Semua kebingungan di benakku akhirnya terpecahkan. Segala pertanyaan yang hinggap di kepala kini sudah terjawab. Sekarang apa yang harus kulakukan? Tidak ada. Semua sudah hancur sekarang. Segala angan dan harapan yang kupupuk bersamanya kini telah sirna tak berbekas.
Hatiku sakit. Sakit sekali. Dia yang sangat kutunggu kehadirannya untuk mengucap akad, ternyata sudah mengucap akad atas nama gadis lain.
Entah apa yang harus kujelaskan pada Nenek. Aku takut berita ini akan membuat kesehatan Nenek menurun lagi.
“Safa!”
Aku tertegun. Itu suara Nilam. Tetapi, kenapa dia ada di sini?
“Kalau mau nangis, nangis aja, Saf!
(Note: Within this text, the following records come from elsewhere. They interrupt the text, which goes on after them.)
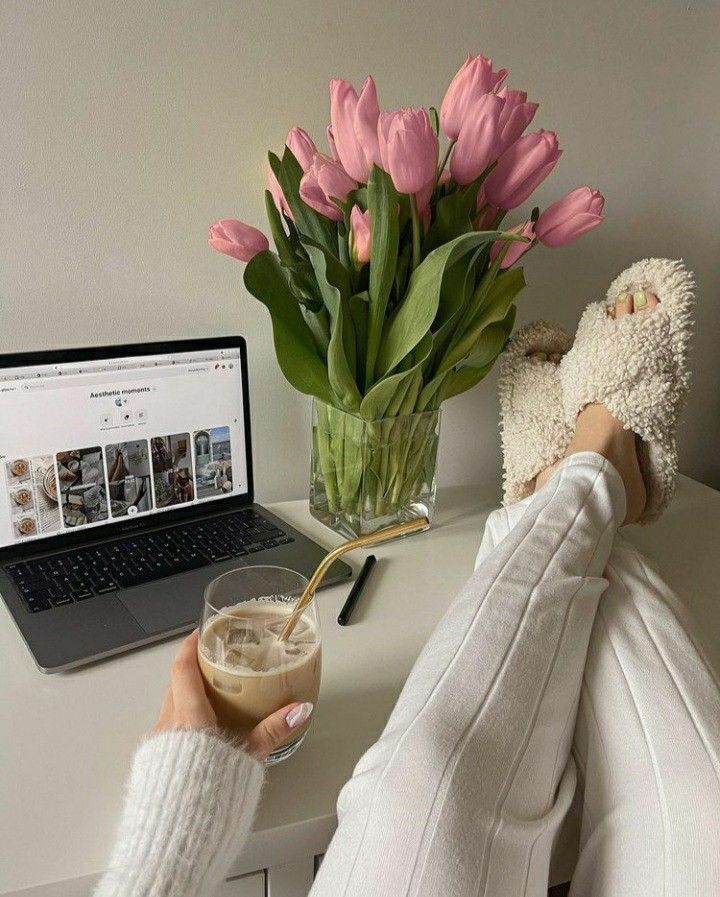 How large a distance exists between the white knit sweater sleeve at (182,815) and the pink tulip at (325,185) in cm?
49

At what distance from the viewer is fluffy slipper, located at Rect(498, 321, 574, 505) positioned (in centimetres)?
90

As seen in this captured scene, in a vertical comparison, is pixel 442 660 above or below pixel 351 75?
below

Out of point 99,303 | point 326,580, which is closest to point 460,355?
point 326,580

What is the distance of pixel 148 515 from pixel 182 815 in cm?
44

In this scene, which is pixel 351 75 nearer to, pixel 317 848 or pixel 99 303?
pixel 99 303

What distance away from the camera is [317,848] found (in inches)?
20.2

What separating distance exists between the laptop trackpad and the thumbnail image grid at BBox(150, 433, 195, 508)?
123 millimetres

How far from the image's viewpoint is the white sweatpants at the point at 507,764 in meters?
0.42

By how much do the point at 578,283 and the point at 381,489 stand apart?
1.50 ft

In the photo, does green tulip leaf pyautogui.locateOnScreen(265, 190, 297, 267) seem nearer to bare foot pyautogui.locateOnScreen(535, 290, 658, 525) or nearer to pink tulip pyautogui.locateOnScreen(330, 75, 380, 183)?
pink tulip pyautogui.locateOnScreen(330, 75, 380, 183)

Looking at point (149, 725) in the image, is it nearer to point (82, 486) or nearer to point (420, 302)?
point (82, 486)

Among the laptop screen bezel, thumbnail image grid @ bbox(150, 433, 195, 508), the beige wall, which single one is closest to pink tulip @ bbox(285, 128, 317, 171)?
the beige wall

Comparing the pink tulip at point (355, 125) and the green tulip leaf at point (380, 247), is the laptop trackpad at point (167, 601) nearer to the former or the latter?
the green tulip leaf at point (380, 247)

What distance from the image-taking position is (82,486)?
80cm
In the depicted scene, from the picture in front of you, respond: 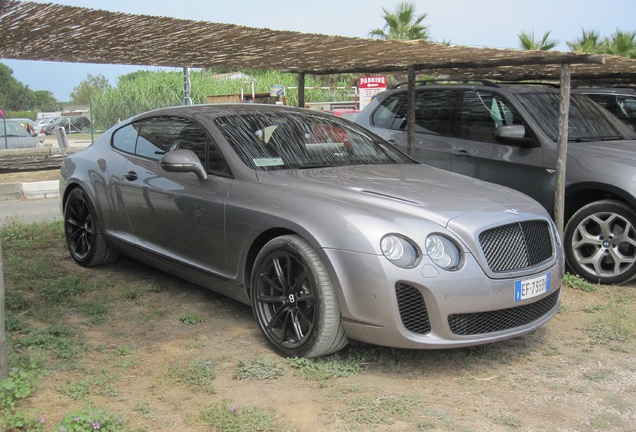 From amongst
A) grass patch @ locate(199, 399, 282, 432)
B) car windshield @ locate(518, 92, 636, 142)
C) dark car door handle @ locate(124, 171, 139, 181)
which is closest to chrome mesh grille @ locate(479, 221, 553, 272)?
grass patch @ locate(199, 399, 282, 432)

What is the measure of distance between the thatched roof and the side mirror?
0.87 metres

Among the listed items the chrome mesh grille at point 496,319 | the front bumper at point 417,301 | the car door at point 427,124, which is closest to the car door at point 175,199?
the front bumper at point 417,301

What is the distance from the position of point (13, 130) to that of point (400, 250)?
18.3m

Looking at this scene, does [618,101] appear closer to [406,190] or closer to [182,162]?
[406,190]

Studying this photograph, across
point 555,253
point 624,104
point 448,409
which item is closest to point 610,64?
point 624,104

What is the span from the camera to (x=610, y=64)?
7.12 meters

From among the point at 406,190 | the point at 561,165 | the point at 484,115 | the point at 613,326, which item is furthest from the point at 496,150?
the point at 406,190

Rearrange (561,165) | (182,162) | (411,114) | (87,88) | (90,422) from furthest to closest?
(87,88), (411,114), (561,165), (182,162), (90,422)

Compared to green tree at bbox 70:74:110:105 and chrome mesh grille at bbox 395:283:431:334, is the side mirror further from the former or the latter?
green tree at bbox 70:74:110:105

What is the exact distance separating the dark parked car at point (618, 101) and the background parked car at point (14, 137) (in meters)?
15.3

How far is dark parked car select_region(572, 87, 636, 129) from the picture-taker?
27.1 ft

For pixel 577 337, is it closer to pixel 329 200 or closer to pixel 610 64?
pixel 329 200

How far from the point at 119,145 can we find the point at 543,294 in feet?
12.1

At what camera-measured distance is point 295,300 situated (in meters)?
3.93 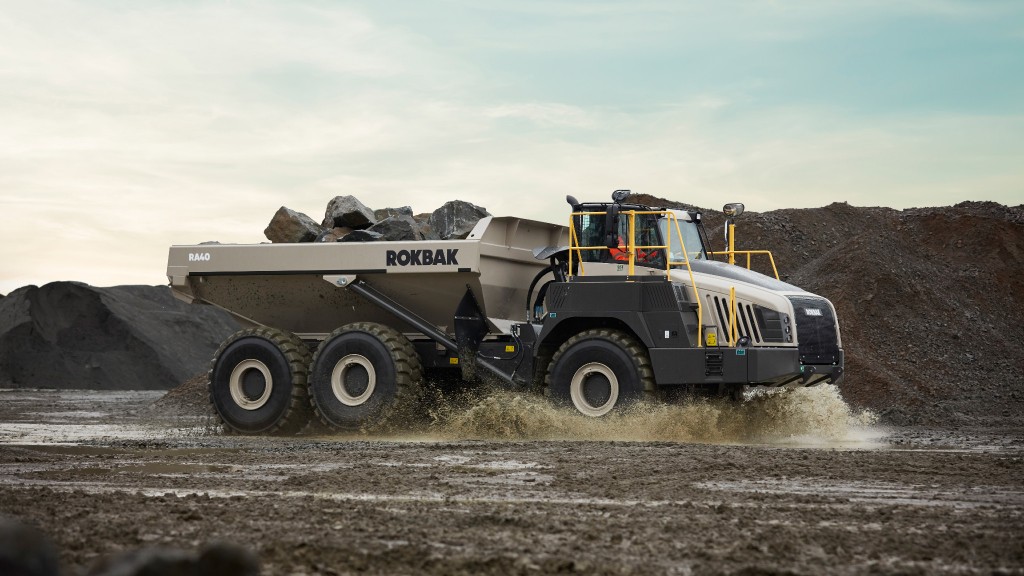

Aku tahu kamu lagi nggak baik-baik aja sekarang.” Suaranya bergetar dan serak. Dia pasti menangis juga. Duhai Allah, apa-apaan ini? Harusnya hari ini aku memberikan warna kebahagiaan pada mereka, tapi aku justru malah membuat mereka meneteskan air mata untukku.
“Kamu sama siapa ke Jakarta, Nilam? Bukannya kamu ada tugas penting di desa?”
“Aku nggak mungkin tenang, Safa. Apa sih yang dicari sama Azzam dari cewek lain? Padahal, kamu itu udah nyaris sempurna. Tapi dia malah tega mengkhianati kamu. Keterlaluan!” cerca Nilam mengeluarkan semua kekesalannya.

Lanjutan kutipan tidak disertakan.